A dangerous Anoka County intersection is about to get a big makeover.

The federal government awarded the county a $10 million grant to begin overhauling the accident-prone intersection in Ramsey. The infusion of new money is the long-awaited last piece of the financial puzzle.

The multimillion-dollar project is scheduled to begin construction in spring 2015, and will eliminate the dangerous bottleneck in Ramsey by removing traffic lights on Hwy. 10 at Armstrong Boulevard. That would be the first and most expensive part of what could be a multiyear plan that would also replace four other signaled intersections turning the expressway into a modified freeway.

“This is the last expressway” in the state system, Anoka County Commissioner Scott Schulte said. “It is an unsafe and ineffective way for people to travel. This area is the most challenging, and that’s why it’s the last to be done.”

Hwy. 10 parallels the Mississippi River as it slices across the north metro, cuts through busy intersections and farmland, transitions from expressway to county road.

However, the Hwy. 10 corridor between the cities of Anoka and Ramsey has had more than 1,600 crashes over the years, including 10 fatalities in the past decade, and four pedestrian deaths in 2012.

Committed funds

Democratic U.S. Sens. Amy Klobuchar and Al Franken announced in September an additional $10 million in federal funding.

The committed money for the project now stands at $38.3 million, surpassing the estimated $37.5 million.

Still, Schulte said he’s a “little nervous” the original estimate was too low.

“The estimate might be $1 million to $2.5 million off,” said Schulte, chairman of the County Board’s transportation committee. “But this last $10 million grant was so important because it would cover any contingency and cost overruns.”

State and local funding will cover about 70 percent of the project’s cost, with the city of Ramsey and Anoka County splitting the local piece

Now that all funds are committed, officials will begin seeking construction bids.

Several studies, including a noise study, have been delayed, but construction is still expected to begin in early spring of 2015, officials said.

High fatality rate

Klobuchar is familiar with the traffic troubles on Hwy. 10. She has witnessed firsthand the traffic jams and seen car accidents.

“As someone who has spent a lot of time traveling in that area, I know how bad that bottleneck [in Ramsey] is,” she said. “The fact that it’s the most traveled road and has seen so many crashes … It was one of those projects that bugged me for years and I knew we needed to fix it for safety purposes.”

The corridor has had a fatality rate in the past three years of about one fatality per 100 million vehicle miles traveled, 50 percent more than on similar metro-area highways, according to Minnesota Department of Transportation officials.

The project plan includes constructing an interchange, building an overpass over the nearby railway tracks, widening the corridor and constructing a pedestrian walkway, officials said.

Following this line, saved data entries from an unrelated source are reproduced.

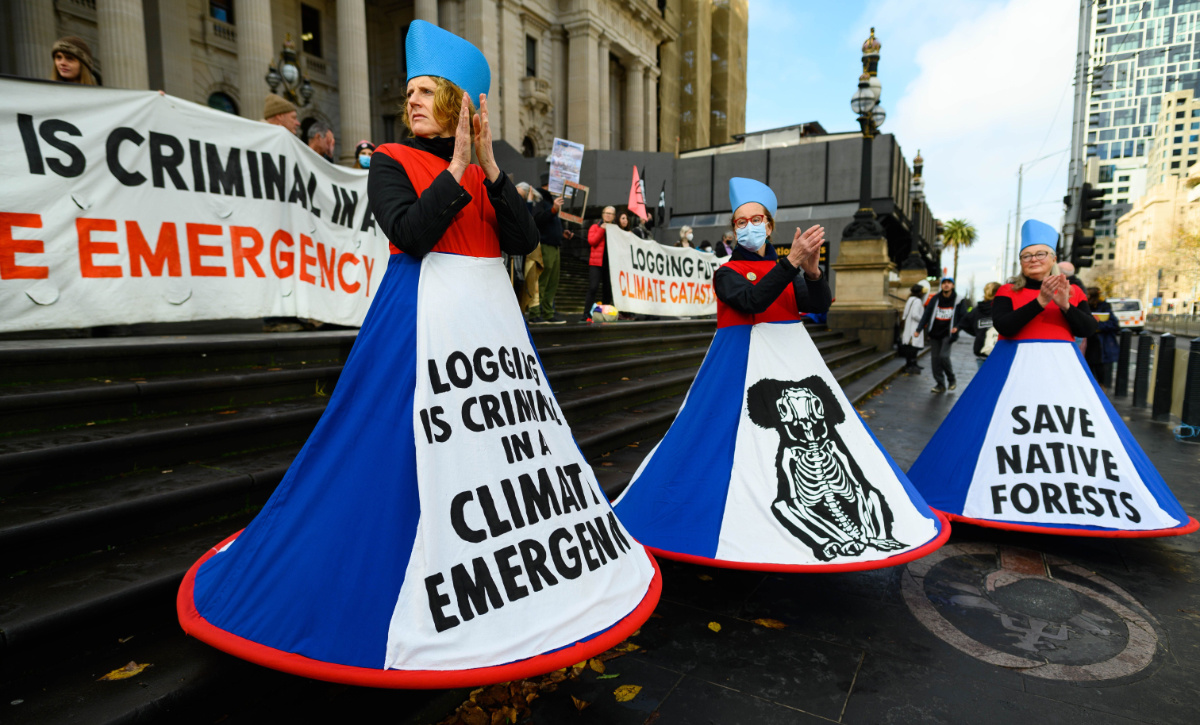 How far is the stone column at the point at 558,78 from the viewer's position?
37.4 m

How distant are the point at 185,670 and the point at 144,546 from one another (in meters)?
0.86

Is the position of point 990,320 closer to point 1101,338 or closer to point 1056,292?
point 1056,292

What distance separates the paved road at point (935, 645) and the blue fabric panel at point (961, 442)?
1.21ft

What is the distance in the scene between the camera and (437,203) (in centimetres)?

The new walkway is a direct result of several fatal accidents involving pedestrians walking across the highway.

“That new grant was huge,” said county highway engineer Doug Fischer, who added that the project comes after five years of planning. “Nothing should be getting in our way now.”

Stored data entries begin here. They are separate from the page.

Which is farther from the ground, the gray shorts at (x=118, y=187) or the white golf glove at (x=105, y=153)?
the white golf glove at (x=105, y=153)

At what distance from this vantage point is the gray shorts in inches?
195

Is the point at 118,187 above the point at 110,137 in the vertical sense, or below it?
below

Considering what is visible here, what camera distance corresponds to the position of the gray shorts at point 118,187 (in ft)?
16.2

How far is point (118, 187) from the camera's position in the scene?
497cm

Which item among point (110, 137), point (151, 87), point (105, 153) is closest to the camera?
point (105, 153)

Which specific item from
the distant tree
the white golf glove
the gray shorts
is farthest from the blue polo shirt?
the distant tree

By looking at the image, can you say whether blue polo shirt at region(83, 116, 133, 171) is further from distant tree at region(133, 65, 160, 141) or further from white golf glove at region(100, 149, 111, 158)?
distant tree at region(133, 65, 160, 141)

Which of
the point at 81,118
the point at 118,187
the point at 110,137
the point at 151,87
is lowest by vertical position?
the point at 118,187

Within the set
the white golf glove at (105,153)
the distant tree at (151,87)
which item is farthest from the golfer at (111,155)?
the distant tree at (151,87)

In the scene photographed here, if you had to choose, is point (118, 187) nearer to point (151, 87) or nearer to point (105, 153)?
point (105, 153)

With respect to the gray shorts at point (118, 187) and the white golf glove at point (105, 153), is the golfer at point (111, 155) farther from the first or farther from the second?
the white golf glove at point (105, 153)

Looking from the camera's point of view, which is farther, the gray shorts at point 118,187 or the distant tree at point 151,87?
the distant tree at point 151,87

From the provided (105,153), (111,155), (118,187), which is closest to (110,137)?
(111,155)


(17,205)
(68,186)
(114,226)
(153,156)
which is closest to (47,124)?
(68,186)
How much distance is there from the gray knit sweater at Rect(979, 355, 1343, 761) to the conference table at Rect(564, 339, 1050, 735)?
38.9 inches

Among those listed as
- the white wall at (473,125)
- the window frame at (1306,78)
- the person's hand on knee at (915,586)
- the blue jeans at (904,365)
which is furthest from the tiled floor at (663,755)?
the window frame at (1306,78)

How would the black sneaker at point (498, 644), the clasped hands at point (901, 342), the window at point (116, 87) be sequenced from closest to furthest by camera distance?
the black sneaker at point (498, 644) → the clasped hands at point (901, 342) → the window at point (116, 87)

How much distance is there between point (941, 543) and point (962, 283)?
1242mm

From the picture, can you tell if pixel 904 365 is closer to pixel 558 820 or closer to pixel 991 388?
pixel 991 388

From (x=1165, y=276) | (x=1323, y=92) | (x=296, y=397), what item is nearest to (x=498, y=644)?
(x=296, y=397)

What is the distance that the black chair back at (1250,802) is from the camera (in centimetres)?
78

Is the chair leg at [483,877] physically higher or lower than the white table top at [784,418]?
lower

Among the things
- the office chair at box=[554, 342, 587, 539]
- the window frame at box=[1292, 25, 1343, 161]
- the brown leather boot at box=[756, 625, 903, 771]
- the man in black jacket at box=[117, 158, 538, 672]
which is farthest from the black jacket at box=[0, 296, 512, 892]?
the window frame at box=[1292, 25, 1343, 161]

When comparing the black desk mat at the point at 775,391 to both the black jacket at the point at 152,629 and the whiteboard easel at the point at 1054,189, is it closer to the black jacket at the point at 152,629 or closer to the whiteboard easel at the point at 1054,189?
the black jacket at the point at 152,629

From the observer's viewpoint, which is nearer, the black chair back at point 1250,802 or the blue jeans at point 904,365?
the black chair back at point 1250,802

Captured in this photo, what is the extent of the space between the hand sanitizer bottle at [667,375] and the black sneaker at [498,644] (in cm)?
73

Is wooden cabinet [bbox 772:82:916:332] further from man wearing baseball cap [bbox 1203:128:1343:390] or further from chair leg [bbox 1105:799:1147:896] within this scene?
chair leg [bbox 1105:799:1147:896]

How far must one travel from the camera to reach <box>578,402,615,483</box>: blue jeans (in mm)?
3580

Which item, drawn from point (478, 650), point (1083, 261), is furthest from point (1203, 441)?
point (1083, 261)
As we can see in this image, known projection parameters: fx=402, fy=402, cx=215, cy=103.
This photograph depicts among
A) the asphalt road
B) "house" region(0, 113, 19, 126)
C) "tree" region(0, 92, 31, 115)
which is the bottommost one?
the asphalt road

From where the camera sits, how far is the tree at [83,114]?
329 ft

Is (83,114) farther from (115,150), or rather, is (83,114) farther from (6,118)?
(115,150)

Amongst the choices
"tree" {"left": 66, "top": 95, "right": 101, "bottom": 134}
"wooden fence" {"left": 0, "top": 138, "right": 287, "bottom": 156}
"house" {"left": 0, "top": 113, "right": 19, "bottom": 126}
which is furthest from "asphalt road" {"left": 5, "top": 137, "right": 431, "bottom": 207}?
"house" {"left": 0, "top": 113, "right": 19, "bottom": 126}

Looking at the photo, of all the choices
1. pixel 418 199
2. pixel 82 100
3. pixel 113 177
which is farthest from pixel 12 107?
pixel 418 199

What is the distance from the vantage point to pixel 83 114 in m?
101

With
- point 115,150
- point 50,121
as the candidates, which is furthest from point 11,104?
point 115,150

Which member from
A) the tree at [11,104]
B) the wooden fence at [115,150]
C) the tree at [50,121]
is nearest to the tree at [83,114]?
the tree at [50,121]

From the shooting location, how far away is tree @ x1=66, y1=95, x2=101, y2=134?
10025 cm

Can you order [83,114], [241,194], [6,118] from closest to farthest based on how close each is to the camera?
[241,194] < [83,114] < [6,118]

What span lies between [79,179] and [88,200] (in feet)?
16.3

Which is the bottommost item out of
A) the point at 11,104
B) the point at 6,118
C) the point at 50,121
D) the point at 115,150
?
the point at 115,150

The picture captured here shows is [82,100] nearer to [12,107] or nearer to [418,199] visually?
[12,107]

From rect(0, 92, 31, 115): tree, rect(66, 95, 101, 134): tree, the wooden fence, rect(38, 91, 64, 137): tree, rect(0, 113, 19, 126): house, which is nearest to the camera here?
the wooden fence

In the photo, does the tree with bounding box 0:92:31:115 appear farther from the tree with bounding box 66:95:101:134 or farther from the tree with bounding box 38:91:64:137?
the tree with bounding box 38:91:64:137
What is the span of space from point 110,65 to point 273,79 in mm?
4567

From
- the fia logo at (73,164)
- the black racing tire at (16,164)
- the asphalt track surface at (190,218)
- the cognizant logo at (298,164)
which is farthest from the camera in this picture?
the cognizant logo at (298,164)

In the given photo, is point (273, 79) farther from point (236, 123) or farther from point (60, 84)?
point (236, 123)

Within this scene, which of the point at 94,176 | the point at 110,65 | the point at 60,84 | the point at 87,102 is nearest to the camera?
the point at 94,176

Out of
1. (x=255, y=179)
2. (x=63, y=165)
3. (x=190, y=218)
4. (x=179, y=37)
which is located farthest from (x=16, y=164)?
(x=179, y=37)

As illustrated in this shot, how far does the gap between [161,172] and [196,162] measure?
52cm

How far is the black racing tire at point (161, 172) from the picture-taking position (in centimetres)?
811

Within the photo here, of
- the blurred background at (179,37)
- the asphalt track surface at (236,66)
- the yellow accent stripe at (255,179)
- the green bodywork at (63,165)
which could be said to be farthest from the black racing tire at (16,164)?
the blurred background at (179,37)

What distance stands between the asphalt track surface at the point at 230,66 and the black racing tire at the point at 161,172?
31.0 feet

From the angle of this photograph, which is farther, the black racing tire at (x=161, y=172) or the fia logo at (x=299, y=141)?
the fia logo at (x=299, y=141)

However, several businesses located off the Armstrong Boulevard intersection say the project will not be helping any stores in that area. Some might even be forced to shut down.

Todd Belden, manager at Roadside Furniture, said he does not believe the construction is strictly for public safety, but is part of a larger effort to make the area more appealing.

“I think they are trying to get the overpass to sell the land and get bigger-box stores here,” he said.

Belden said he is afraid the construction will shut off access roads to various businesses and “shut down this whole strip.”

Missy Bettinger, a manager at Coborn’s Superstore, said she doesn’t know if the project’s yearlong construction will hurt the business.

Belden said nobody will know the true impact on business until construction begins.

“For us it’s a lot of nonsense, but it is what it is,” he said.